When the Central Committee declares that ‘political discussions must be conducted within the structures of the Party’, it overlooks the ubiquitous presence of broader networks, of spaces of debate in which we cannot be expected not to be autonomously political. These spaces are less and less clearly demarcated, and increasingly ‘public’ in the traditional sense of the word, as more and more workplace and family conversations shift to social media. Demanding discipline of the activist or the militant means therefore requiring them to be faithful to the line practically at all times, and even a relatively benevolent precept such as asking them to amplify the Party’s message (rule number four) can become dehumanising when it bleeds into the private, intimate sphere.

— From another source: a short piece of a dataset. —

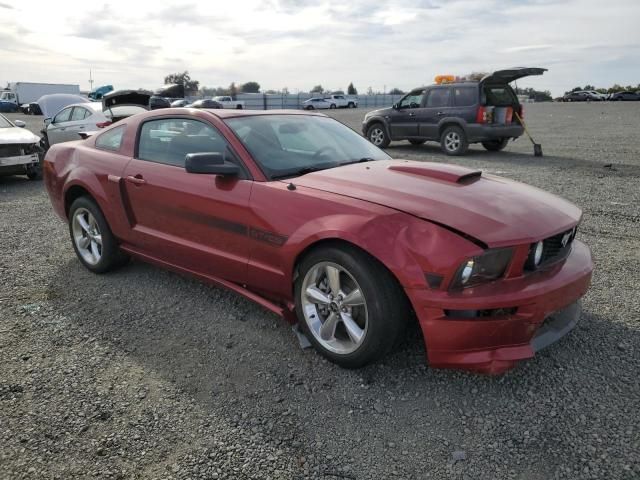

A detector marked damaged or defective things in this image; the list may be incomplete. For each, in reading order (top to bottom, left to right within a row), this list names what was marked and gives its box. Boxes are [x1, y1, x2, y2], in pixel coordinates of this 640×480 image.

The nostalgia for a time when internal dissent was muttered behind closed doors is but the soft version of the Stalinist’s complaint. Never mind that this permanent state of ‘civil war’ is often exaggerated for the purpose of scoffing at the rank and file: even when it is accurately diagnosed, widespread discontent is seldom taken by commentators as a symptom of an inadequate political class. It is the people, rather, who are found wanting.

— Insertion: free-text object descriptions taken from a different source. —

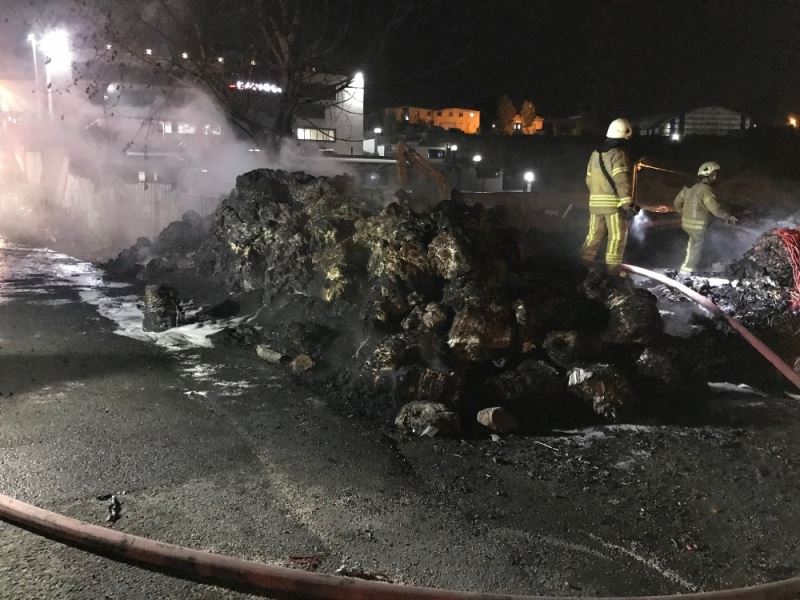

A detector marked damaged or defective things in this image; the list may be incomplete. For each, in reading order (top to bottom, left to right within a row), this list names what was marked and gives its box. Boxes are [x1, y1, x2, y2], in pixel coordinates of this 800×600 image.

charred textile bale [732, 230, 792, 286]
charred textile bale [144, 284, 183, 330]
burnt debris pile [106, 171, 708, 434]
charred textile bale [604, 288, 664, 344]
charred textile bale [396, 404, 460, 436]
charred textile bale [568, 364, 636, 420]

None of this is meant to suggest that ‘discipline’, properly defined, isn’t a worthy goal for a political organisation, but rather that it is misguided to think of it as a set of constraints on individual expression. A curious, engaged, well-read and articulate militant base is a resource: all the more if it is transparently, publicly so. The challenge, as always, is to find a common purpose, and the means to have a greater say, therefore structures within which to not just conduct debates but intervene on society. Discipline will then be something in which participants are invested: a self-imposed limit that creates the possibility of organisation and action.

 

Comments

  1. Ricordo gli fascisti di Roma. Molto pazzo come hanno detto mi amici Italiani in Roma. Ma comunisti, un piccolo di meno pazzo?…Tuttavia il sole brilla y il caffe e buono! (come tuttavia hanno detto mi amici Romani…)

  2. Perhaps the Italian Communist Party would prefer their members to not spend all their time behind their keyboards and to come out into the streets and be active?

  3. Gramsci did, of course, emphasise party discipline, but as you point out GT, that needs to be understood in the context of the PSI experience. Later, during the rise of Stalinism, he criticised bureaucratic centralism. Again as you point out, there’s a context.